DataFrame sfWaveDF = spark.
          read().
          format("com.springml.spark.salesforce").
          option("username", "your_salesforce_username").
          option("password", "your_salesforce_password_with_secutiry_token"). //<salesforce login password><security token>
          option("saql", saql)
          option("inferSchema", "true").
          load()

// Reading Salesforce Object
String soql = "select id, name, amount from opportunity"
DataFrame sfDF = spark.
          read.
          format("com.springml.spark.salesforce").
          option("username", "your_salesforce_username").
          option("password", "your_salesforce_password_with_secutiry_token"). //<salesforce login password><security token>
          option("soql", soql).
          option("version", "37.0").
          load()      

// Update Salesforce Object
// CSV should contain Id column followed other fields to be Updated
// Sample - 
// Id,Description
// 003B00000067Rnx,Superman
// 003B00000067Rnw,SpiderMan
DataFrame df = spark
                    .read()
                    .format("com.databricks.spark.csv")
                    .option("header", "true")
                    .load("your_csv_location");
df.write().format("com.springml.spark.salesforce")
      .option("username", "your_salesforce_username")
      .option("password", "your_salesforce_password_with_secutiry_token")//<salesforce login password><security token>
      .option("sfObject", "Contact")
      .save();

R API

# Writing Dataset
df <- read.df("your_csv_location", source = "com.databricks.spark.csv", inferSchema = "true")
write.df(df, path="", source='com.springml.spark.salesforce', mode="append", datasetName="your_dataset_name", username="your_salesforce_username", password="your_salesforce_password_with_secutiry_token") #<salesforce login password><security token>

# Reading Dataset
saql <- "q = load \"<dataset_id>/<dataset_version_id>\"; q = foreach q generate  'Name' as 'Name',  'Email' as 'Email';"
sfWaveDF <- read.df(source="com.springml.spark.salesforce", username=your_salesforce_username, password=your_salesforce_password_with_secutiry_token, saql=saql) #<salesforce login password><security token>

# Reading Salesforce Object
soql <- "select id, name, amount from opportunity"
dfDF <- read.df(source="com.springml.spark.salesforce", username=your_salesforce_username, password=your_salesforce_password_with_secutiry_token, soql=soql) #<salesforce login password><security token>

# Update Salesforce Object
# CSV should contain Id column followed other fields to be Updated
# Sample - 
# Id,Description
# 003B00000067Rnx,Superman
# 003B00000067Rnw,SpiderMan
df <- read.df("your_csv_location", source = "com.databricks.spark.csv", header = "true")
write.df(df, path="", source='com.springml.spark.salesforce', mode="append", sfObject="Contacct", username="your_salesforce_username", password="your_salesforce_password_with_secutiry_token") #<salesforce login password><security token>

Metadata Configuration

This library constructs [Salesforce Wave Dataset Metadata] (https://resources.docs.salesforce.com/sfdc/pdf/bi_dev_guide_ext_data_format.pdf) using Metadata Configuration present in resources.

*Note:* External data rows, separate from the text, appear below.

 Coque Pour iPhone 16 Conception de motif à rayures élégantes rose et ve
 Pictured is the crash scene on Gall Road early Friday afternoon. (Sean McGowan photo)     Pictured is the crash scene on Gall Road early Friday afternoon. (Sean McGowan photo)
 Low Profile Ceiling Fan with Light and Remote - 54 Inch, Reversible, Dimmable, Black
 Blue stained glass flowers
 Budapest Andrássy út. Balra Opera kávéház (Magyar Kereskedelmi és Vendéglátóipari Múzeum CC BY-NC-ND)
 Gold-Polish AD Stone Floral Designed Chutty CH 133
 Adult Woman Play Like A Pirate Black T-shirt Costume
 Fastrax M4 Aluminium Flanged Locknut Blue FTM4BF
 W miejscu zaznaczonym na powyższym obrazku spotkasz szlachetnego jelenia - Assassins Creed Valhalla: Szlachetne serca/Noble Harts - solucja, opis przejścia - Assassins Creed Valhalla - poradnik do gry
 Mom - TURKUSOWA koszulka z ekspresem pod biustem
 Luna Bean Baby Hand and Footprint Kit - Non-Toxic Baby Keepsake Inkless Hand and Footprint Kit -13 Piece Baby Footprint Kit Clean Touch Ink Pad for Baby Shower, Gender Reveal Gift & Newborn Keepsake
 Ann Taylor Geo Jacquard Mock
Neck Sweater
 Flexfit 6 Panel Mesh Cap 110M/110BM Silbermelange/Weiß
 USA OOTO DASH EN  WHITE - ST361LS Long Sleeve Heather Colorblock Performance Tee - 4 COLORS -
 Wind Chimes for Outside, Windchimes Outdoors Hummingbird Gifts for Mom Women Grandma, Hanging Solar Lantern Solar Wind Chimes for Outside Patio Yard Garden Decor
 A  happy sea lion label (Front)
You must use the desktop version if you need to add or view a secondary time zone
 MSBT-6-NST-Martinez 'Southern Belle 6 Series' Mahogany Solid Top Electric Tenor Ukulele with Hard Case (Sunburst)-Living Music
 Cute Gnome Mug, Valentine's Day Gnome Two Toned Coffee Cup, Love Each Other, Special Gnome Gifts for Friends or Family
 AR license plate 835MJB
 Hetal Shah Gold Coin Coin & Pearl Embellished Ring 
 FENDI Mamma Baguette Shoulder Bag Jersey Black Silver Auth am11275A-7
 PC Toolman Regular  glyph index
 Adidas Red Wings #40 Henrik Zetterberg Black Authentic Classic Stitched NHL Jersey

User may modifiy the default behaviour. User can modify already defined datatypes or user may add additional datatypes. For example, user can change the scale to 5 for float datatype

Metadata configuration has to be provided in JSON format via "metadataConfig" option. The structure of the JSON is


{
  "<df_data_type>": {
  "wave_type": "<wave_data_type>",
  "precision": "<precision>",
  "scale": "<scale>",
  "format": "<format>",
  "defaultValue": "<defaultValue>"
  }
}

More details on Salesforce Wave Metadata can be found [here] (https://resources.docs.salesforce.com/sfdc/pdf/bi_dev_guide_ext_data_format.pdf)

Sample JSON


{
  "float": {
  "wave_type": "Numeric",
  "precision": "10",
  "scale": "2",
  "format": "##0.00",
  "defaultValue": "0.00"
  }
}

Sample to provide metadata config

This sample is to change the format of the timestamp datatype.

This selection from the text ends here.